Causative role of PDLIM2 epigenetic repression in lung cancer and therapeutic resistance
Author(s) -
Fan Sun,
Liwen Liu,
Pengrong Yan,
Jingyang Zhou,
Steven D. Shapiro,
Gutian Xiao,
Zhaoxia Qu
Publication year - 2019
Publication title -
nature communications
Language(s) - English
Resource type - Journals
SCImago Journal Rank - 5.559
H-Index - 365
ISSN - 2041-1723
DOI - 10.1038/s41467-019-13331-x
Subject(s) - epigenetics , lung cancer , cancer research , psychological repression , cancer , ectopic expression , medicine , biology , epigenetic therapy , bioinformatics , gene , oncology , gene expression , dna methylation , genetics
Most cancers are resistant to anti-PD-1/PD-L1 and chemotherapy. Herein we identify PDLIM2 as a tumor suppressor particularly important for lung cancer therapeutic responses. While PDLIM2 is epigenetically repressed in human lung cancer, associating with therapeutic resistance and poor prognosis, its global or lung epithelial-specific deletion in mice causes increased lung cancer development, chemoresistance, and complete resistance to anti-PD-1 and epigenetic drugs. PDLIM2 epigenetic restoration or ectopic expression shows antitumor activity, and synergizes with anti-PD-1, notably, with chemotherapy for complete remission of most lung cancers.

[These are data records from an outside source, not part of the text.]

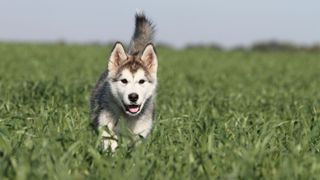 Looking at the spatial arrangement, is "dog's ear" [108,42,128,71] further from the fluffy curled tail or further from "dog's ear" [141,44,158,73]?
the fluffy curled tail

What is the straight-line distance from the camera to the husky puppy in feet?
24.6

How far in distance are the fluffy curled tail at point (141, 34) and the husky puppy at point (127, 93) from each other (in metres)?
1.28

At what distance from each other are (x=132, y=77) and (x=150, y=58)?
57 cm

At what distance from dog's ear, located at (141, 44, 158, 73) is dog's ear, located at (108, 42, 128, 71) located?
0.82 ft

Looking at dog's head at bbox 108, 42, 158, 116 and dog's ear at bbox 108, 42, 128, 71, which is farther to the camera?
dog's ear at bbox 108, 42, 128, 71

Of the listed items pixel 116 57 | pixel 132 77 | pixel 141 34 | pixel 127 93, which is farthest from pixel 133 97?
pixel 141 34

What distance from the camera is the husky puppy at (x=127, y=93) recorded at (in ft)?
24.6

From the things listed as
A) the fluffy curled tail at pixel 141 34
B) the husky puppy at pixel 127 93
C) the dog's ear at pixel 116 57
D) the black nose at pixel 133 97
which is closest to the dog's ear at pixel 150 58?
the husky puppy at pixel 127 93

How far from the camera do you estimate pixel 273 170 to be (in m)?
5.00

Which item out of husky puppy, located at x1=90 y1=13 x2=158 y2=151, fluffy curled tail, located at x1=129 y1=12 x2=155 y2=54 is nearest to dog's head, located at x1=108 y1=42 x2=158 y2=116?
husky puppy, located at x1=90 y1=13 x2=158 y2=151

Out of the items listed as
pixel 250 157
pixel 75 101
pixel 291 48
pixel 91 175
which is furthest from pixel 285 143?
pixel 291 48

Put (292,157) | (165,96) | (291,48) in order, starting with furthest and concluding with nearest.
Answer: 1. (291,48)
2. (165,96)
3. (292,157)

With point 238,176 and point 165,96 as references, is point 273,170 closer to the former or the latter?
point 238,176

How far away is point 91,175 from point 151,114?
126 inches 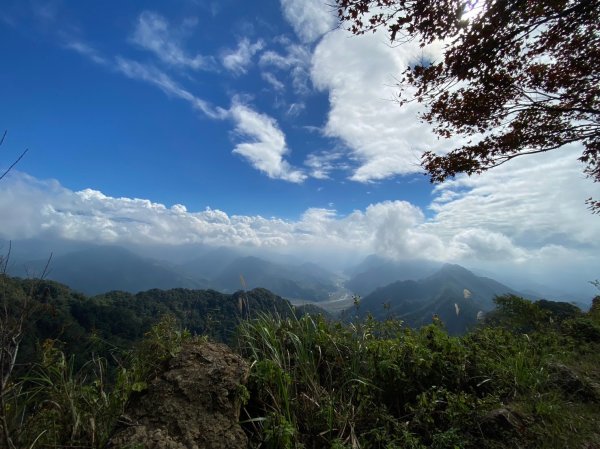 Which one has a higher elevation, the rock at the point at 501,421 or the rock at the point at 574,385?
the rock at the point at 574,385

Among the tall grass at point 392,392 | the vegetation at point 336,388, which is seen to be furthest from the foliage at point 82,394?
the tall grass at point 392,392

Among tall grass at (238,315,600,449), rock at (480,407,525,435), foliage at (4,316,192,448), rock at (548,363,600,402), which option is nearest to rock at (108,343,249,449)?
foliage at (4,316,192,448)

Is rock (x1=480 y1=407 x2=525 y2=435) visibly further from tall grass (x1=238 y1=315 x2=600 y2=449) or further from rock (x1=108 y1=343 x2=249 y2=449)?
rock (x1=108 y1=343 x2=249 y2=449)

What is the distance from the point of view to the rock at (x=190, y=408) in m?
2.38

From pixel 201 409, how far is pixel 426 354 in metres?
2.76

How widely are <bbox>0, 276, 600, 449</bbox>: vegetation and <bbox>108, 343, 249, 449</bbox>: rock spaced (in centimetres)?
20

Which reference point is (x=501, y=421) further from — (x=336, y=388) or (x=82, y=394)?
(x=82, y=394)

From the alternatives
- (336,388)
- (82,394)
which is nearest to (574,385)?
(336,388)

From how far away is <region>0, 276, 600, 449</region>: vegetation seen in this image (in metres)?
2.80

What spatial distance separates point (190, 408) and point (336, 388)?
1.98 m

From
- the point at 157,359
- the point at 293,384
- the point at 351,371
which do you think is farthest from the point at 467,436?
the point at 157,359

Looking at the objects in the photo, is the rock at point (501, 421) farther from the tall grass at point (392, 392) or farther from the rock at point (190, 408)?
the rock at point (190, 408)

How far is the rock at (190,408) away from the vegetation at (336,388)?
0.20 meters

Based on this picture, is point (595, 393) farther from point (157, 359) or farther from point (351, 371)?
point (157, 359) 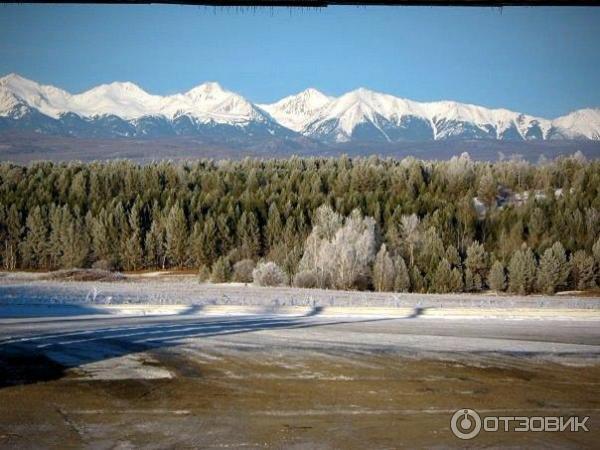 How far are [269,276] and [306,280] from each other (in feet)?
6.77

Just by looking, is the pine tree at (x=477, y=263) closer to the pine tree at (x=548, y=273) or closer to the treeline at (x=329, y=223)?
the treeline at (x=329, y=223)

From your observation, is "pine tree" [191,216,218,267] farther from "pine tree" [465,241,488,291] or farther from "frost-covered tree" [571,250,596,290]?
"frost-covered tree" [571,250,596,290]

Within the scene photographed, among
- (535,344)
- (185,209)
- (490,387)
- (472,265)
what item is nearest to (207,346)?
(490,387)

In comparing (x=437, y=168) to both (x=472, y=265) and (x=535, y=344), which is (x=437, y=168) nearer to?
(x=472, y=265)

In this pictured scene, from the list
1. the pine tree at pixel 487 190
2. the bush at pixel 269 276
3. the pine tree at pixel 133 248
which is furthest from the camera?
the pine tree at pixel 487 190

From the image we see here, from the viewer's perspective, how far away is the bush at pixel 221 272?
45216 millimetres

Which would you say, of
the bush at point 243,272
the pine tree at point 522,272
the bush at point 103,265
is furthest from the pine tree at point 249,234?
the pine tree at point 522,272

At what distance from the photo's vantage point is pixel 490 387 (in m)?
9.12

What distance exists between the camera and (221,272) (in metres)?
46.2

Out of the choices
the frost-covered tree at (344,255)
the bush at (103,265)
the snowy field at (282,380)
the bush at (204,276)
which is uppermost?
the snowy field at (282,380)

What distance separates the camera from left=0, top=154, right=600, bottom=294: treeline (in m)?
43.2

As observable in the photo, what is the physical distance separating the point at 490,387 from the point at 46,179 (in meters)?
70.5

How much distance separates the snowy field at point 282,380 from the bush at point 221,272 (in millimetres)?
29491

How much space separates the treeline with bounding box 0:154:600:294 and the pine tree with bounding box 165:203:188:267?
116 millimetres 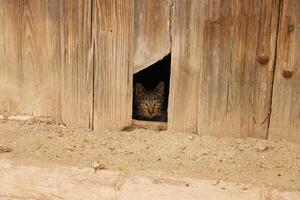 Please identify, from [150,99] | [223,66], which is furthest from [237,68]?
[150,99]

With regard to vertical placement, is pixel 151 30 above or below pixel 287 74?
above

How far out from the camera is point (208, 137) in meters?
3.51

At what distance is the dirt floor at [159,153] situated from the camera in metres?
3.10

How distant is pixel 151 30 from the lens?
3436mm

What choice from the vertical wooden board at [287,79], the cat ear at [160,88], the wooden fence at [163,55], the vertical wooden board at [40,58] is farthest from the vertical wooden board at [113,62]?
the vertical wooden board at [287,79]

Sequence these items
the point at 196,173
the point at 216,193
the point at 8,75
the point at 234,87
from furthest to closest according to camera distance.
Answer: the point at 8,75, the point at 234,87, the point at 196,173, the point at 216,193

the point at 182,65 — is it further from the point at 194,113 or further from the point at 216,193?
the point at 216,193

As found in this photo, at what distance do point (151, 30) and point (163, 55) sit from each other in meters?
0.17

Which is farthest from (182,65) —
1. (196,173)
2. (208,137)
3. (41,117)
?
(41,117)

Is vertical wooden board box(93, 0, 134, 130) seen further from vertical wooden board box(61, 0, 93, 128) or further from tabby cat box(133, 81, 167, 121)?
tabby cat box(133, 81, 167, 121)

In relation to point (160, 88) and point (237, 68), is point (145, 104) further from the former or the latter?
point (237, 68)

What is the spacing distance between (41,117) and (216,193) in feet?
4.63

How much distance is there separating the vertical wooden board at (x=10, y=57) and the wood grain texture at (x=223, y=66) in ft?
3.38

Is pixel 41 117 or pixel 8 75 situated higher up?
pixel 8 75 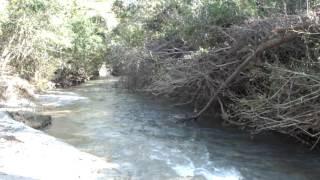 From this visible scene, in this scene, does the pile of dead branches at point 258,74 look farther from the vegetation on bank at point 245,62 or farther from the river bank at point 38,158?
the river bank at point 38,158

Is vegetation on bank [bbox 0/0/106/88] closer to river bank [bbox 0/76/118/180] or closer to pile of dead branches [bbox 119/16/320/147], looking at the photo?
pile of dead branches [bbox 119/16/320/147]

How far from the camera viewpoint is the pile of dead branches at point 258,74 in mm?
10938

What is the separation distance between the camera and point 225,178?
34.4 feet

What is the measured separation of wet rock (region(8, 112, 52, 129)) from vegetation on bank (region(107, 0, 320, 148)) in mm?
4195

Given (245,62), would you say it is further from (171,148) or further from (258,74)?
(171,148)

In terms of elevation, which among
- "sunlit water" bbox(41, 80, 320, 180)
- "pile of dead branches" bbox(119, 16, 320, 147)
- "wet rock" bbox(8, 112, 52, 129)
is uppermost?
"pile of dead branches" bbox(119, 16, 320, 147)

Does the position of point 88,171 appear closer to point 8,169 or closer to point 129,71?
point 8,169

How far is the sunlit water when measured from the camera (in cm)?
1088

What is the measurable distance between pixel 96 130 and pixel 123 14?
80.5 feet

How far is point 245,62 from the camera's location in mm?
13516

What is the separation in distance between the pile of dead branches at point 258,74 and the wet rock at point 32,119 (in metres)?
4.19

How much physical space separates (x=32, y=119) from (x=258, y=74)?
7.49m

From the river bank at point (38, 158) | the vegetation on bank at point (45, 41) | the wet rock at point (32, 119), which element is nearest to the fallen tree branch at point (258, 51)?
the river bank at point (38, 158)

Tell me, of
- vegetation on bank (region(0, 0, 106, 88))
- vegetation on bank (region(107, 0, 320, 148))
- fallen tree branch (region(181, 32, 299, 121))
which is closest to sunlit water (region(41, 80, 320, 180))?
vegetation on bank (region(107, 0, 320, 148)) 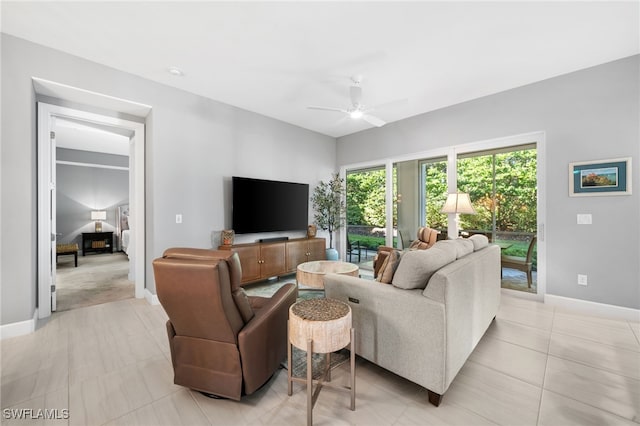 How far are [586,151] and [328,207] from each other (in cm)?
385

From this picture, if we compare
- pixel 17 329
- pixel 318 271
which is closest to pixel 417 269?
pixel 318 271

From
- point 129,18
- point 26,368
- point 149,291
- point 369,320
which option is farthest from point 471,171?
point 26,368

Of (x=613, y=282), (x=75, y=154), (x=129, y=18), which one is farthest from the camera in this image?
(x=75, y=154)

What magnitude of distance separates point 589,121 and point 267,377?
4382mm

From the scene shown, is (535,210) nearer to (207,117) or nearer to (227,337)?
(227,337)

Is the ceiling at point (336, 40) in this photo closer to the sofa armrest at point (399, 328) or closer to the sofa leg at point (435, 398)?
the sofa armrest at point (399, 328)

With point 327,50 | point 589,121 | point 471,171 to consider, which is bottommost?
point 471,171

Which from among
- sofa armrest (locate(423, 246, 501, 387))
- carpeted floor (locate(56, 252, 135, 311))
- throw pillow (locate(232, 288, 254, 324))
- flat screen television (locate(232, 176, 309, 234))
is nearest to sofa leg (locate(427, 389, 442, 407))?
sofa armrest (locate(423, 246, 501, 387))

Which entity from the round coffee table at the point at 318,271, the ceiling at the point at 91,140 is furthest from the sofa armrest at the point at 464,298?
the ceiling at the point at 91,140

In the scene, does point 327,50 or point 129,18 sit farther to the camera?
point 327,50

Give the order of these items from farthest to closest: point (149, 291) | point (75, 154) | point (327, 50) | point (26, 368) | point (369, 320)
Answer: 1. point (75, 154)
2. point (149, 291)
3. point (327, 50)
4. point (26, 368)
5. point (369, 320)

Mechanistically, through repressing NF-κB/RelA and STAT3, PDLIM2 increases expression of genes involved in antigen presentation and T-cell activation while repressing multidrug resistance genes and cancer-related genes, thereby rendering cancer cells vulnerable to immune attacks and therapies. We identify PDLIM2-independent PD-L1 induction by chemotherapeutic and epigenetic drugs as another mechanism for their synergy with anti-PD-1. These findings establish a rationale to use combination therapies for cancer treatment.